In the case of standard languages, lemmatization complexity arises primarily from two sources: (i) morphological complexity affecting the number of inflectional patterns a lemmatizer has to model and (ii) token-lemma ambiguities (e.g. ‘‘living" can refer to lemmas ‘‘living" or ‘‘live") which require modeling sentence context information. In the case of historical languages, however, the aforementioned spelling variation introduces further complications. For instance, the regularity of the morphological system is drastically reduced since the evidence supporting token-lemma mappings becomes more sparse. As an example, while the modern Dutch lemma ‘‘jaar" (en. ‘‘year") can be inflected in 2 different ways (‘‘jaar", ‘‘jaren"), in a Middle Dutch corpus used in this study it is found in combination with 70 different forms (‘‘iare", ‘‘ior", ‘‘jaer", etc.). Moreover, spelling variation increases token-lemma ambiguities by conflating surface realizations of otherwise unambiguous tokens---e.g. Middle Low German ‘‘bath" can refer to lemmas ‘‘bat" (en. ‘‘bad") and ‘‘bidden" (en. ‘‘bet") due to different spellings of the dental occlusive in final position.
Spelling variation is not exclusive of historical languages and it can be found in contemporary forms of on communication, such as micro-blogs, with loose orthographic conventions Crystal (2001). An important difference, however, is that while for modern languages normalization is feasible Schulz et al. (2016), for many historic languages such is not possible, because one is dealing with an amalgam of regional dialects that lacked any sort of supra-regional variant functioning as target domain Kestemont et al. (2016).
In the present paper, we apply representation learning to lemmatization of historical languages. Our method shows improvements over a plain encoder-decoder framework, which reportedly achieves state-of-the-art performance on lemmatization and morphological analysis Bergmanis and Goldwater (2018); Peters et al. (2018). In particular, we make the following contributions:
We introduce a simple joint learning approach based on a bidirectional Language Model (LM) loss and achieve relative improvements in overall accuracy of 7.9% over an encoder-decoder trained without joint loss and 30.72% over edit-tree based approaches.
We provide a detailed analysis of the linguistic and corpus characteristics that explain the amount of improvement we can expect from LM joint training.

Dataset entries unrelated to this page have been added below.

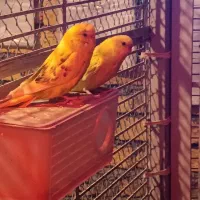 عروس هلندی مرغ عشق کوتوله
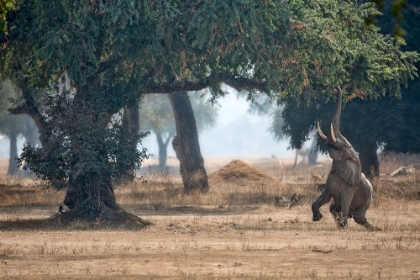 Picture of MANA POOLS SECRET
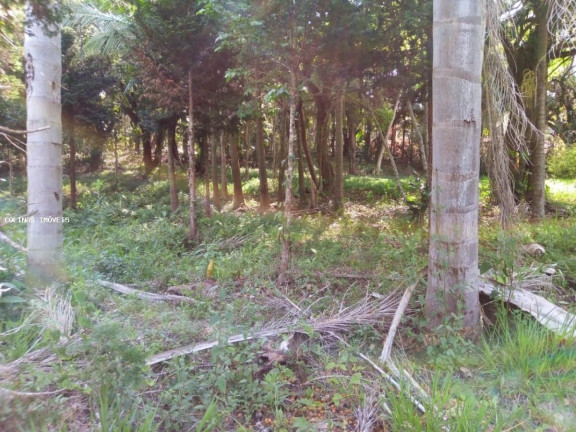Imagem Terreno à Venda,  em Depois Do Centro - Ibiúna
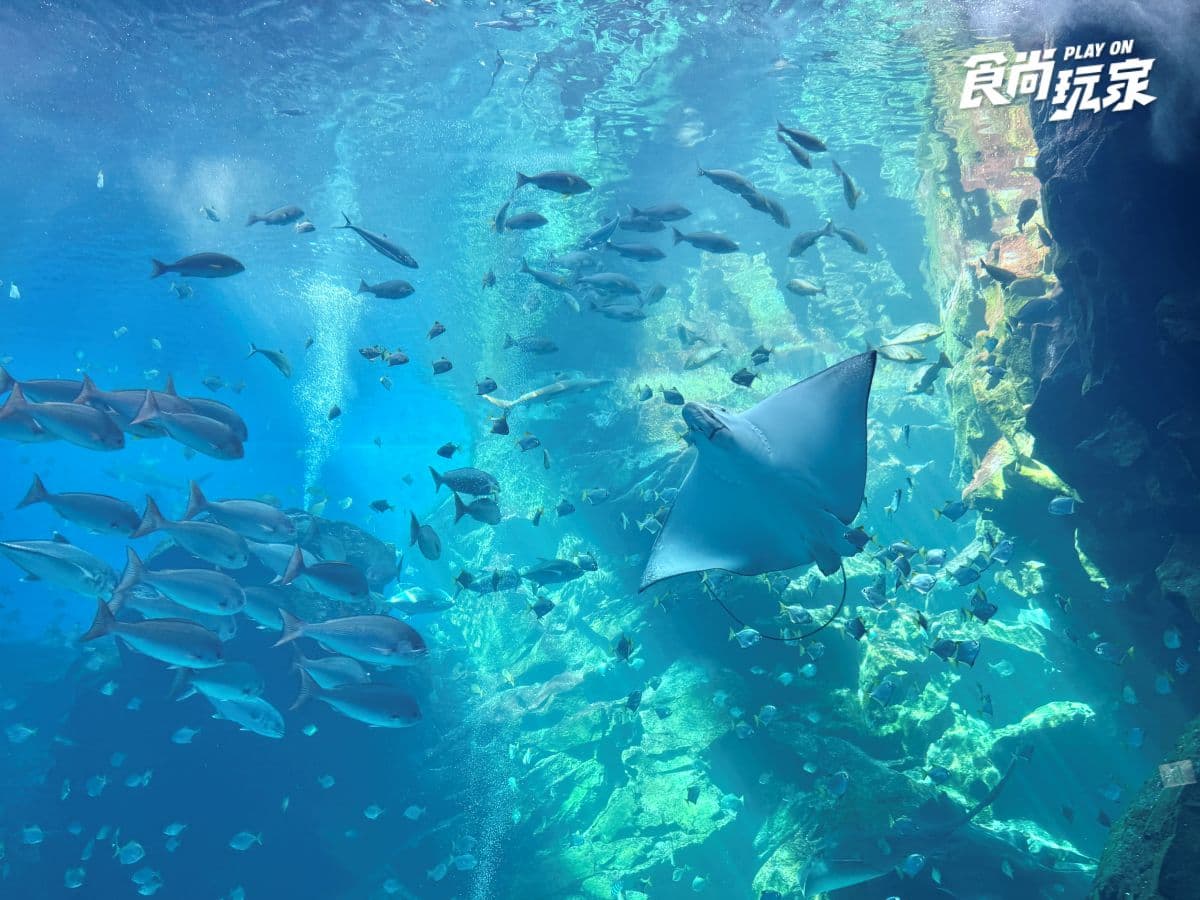 《動物森友會》角色出沒Xpark！免費玩任天堂遊戲機送貼紙，８折星光票回歸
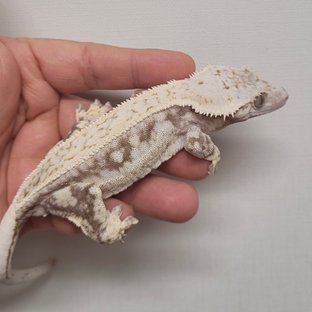 아멜리아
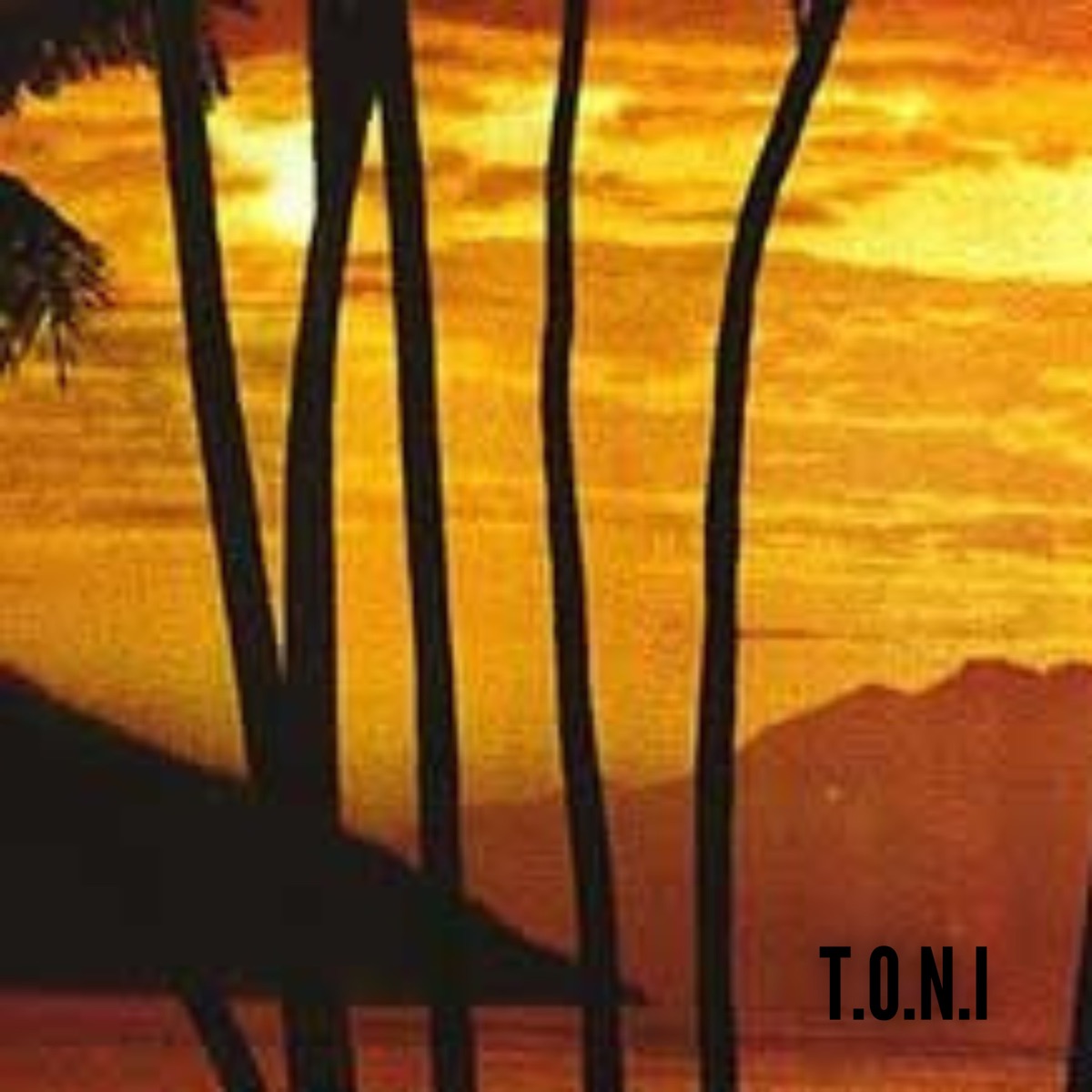 T.O.N.I - Single by La Casa Del Phonky album cover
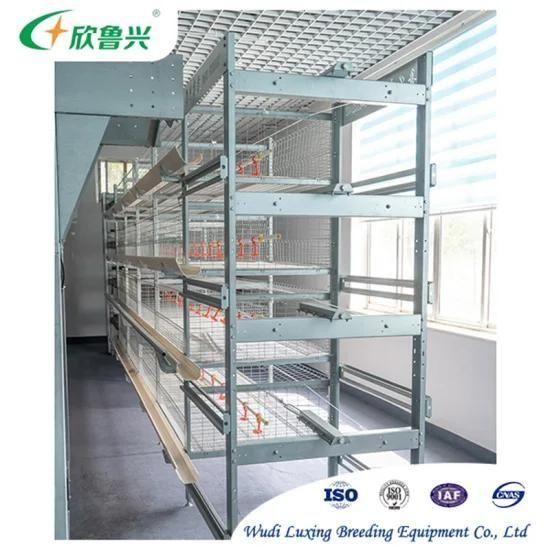 4 Tiers Chicken Cages with Fully Automatic System Design From China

Additionally, we test our approach on a typologically varied set of modern standard languages and find that the joint LM loss significantly improves lemmatization accuracy of ambiguous tokens over the encoder-decoder baseline (with a relative increase of 15.1%), but that, in contrast to previous literature Chakrabarty et al. (2017); Bergmanis and Goldwater (2018), the overall performance of encoder-decoder models is not significantly higher than that of edit-tree based approaches. Taking into account the type of inflectional morphology dominating in a particular language, we show that the benefit of encoder-decoder approaches is highly dependent on typological morphology. Finally, to assure reproducibility, all corpus preprocessing pipelines and train-dev-test splits are released. With this release, we hope to encourage future work on processing of lesser studied non-standard varieties.111 Datasets and training splits are available at https://www.github.com/emanjavacas/pie-data. Experiments are conducted with our framework pie available at: https://www.github.com/emanjavacas/pie. All our experiments are implemented using PyTorch Paszke et al. (2017).
2 Related Work
Modern data-driven approaches typically treat lemmatization as a classification task where classes are represented by binary edit-trees induced from the training data. Given a token-lemma pair, its binary edit-tree is induced by computing the prefix and suffix around the longest common subsequence, and recursively building a tree until no common character can be found. Such edit-trees manage to capture a large proportion of the morphological regularity, especially for languages that rely on suffixation for morphological inflection (e.g. Western European languages), for which such methods were primarily designed.
Based on edit-tree induction, different lemmatizers have been proposed. For example, Chrupala et al. (2008) use a log-linear model and a set of hand-crafted features to decode a sequence of edit-trees together with the sequence of POS-tags using a beam-search strategy. A related approach is presented by Gesmundo and Samardži (2012), where edit-trees are extracted using a non-recursive version of the binary edit-tree induction approach. More recently, Cotterell et al. (2015) have used an extended set of features and a second-order CRF to jointly predict POS-tags and edit-trees with state-of-the-art performance. Finally, Chakrabarty et al. (2017) employed a softmax classifier to predict edit-trees based on sentence-level features implicitly learned with a neural encoder over the input sentence.
employed a softmax classifier to predict edit-trees based on sentence-level features implicitly learned with a neural encoder over the input sentence.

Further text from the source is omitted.